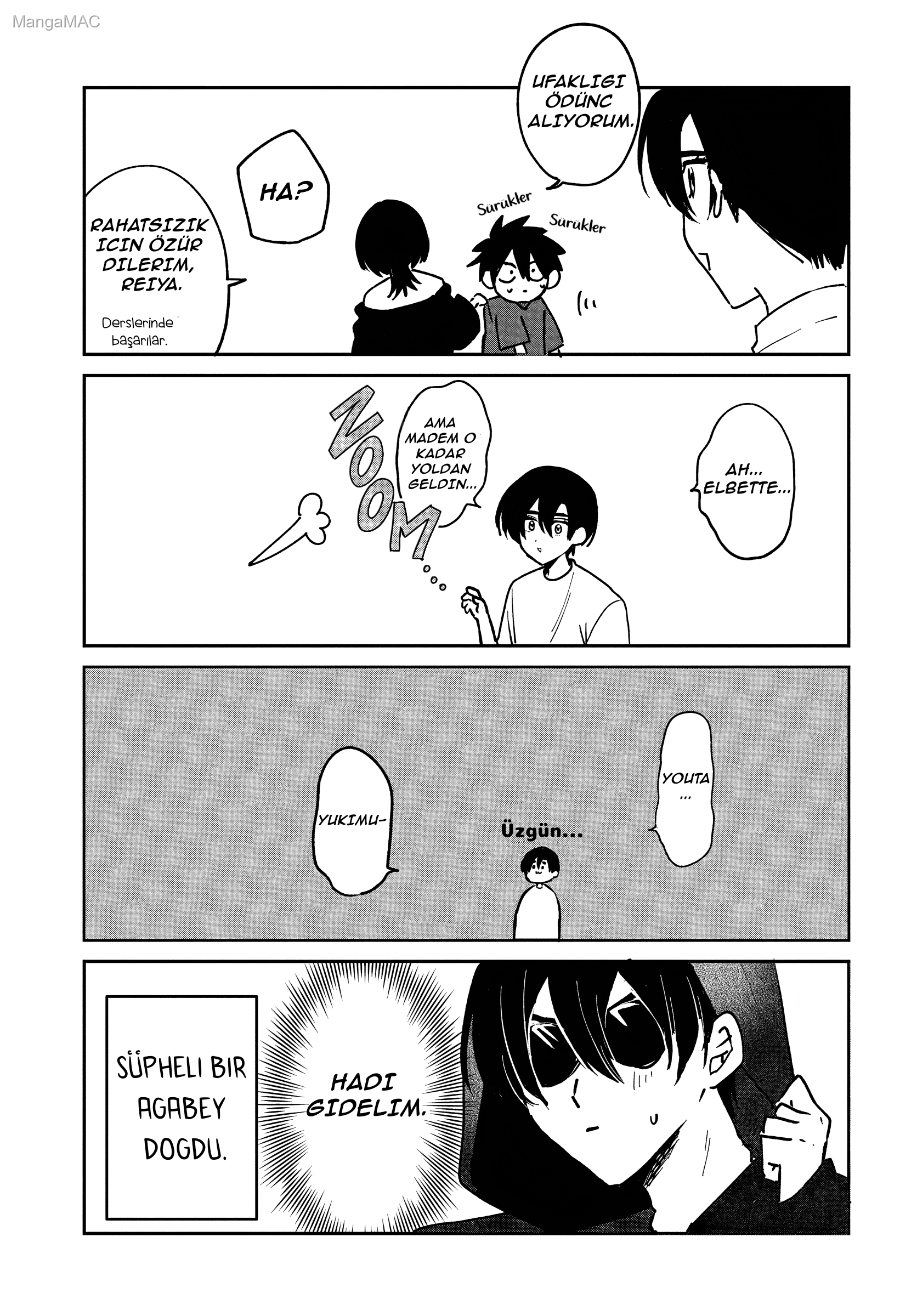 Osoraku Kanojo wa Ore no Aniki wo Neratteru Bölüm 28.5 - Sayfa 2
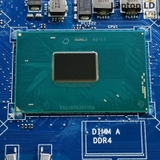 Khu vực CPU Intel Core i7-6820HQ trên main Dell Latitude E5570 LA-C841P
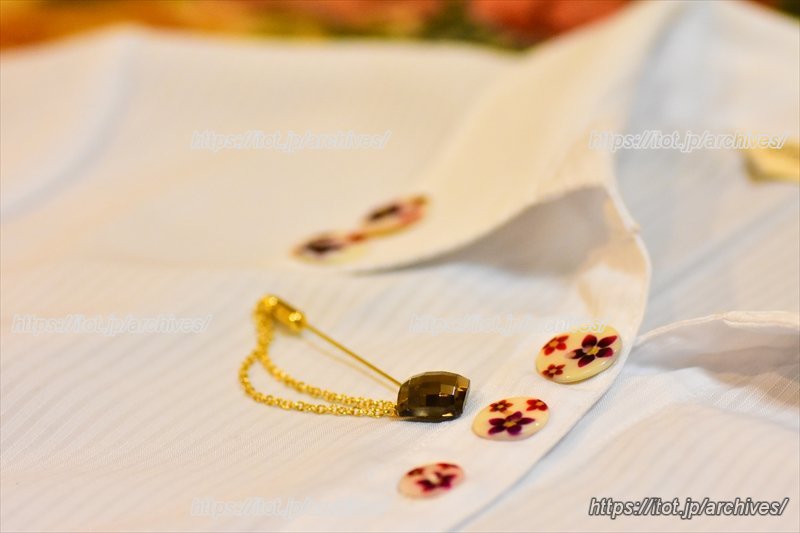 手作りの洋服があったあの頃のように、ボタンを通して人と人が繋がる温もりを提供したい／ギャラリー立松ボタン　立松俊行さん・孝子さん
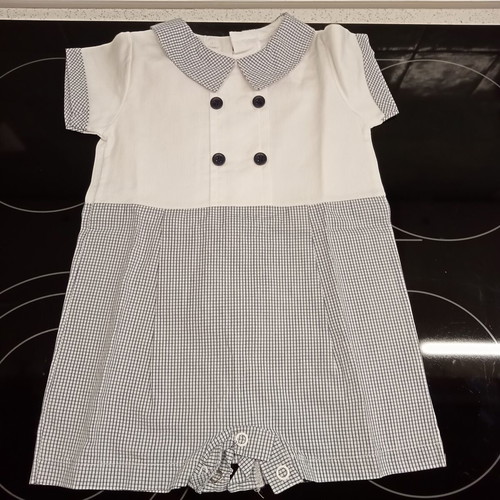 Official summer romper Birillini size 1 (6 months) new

| TO DO |
Your reply must match the data above line for line, except that it holds no pictures.

| COMPLETED EXERCISE |
 Osoraku Kanojo wa Ore no Aniki wo Neratteru Bölüm 28.5 - Sayfa 2
 Khu vực CPU Intel Core i7-6820HQ trên main Dell Latitude E5570 LA-C841P
 手作りの洋服があったあの頃のように、ボタンを通して人と人が繋がる温もりを提供したい／ギャラリー立松ボタン　立松俊行さん・孝子さん
 Official summer romper Birillini size 1 (6 months) new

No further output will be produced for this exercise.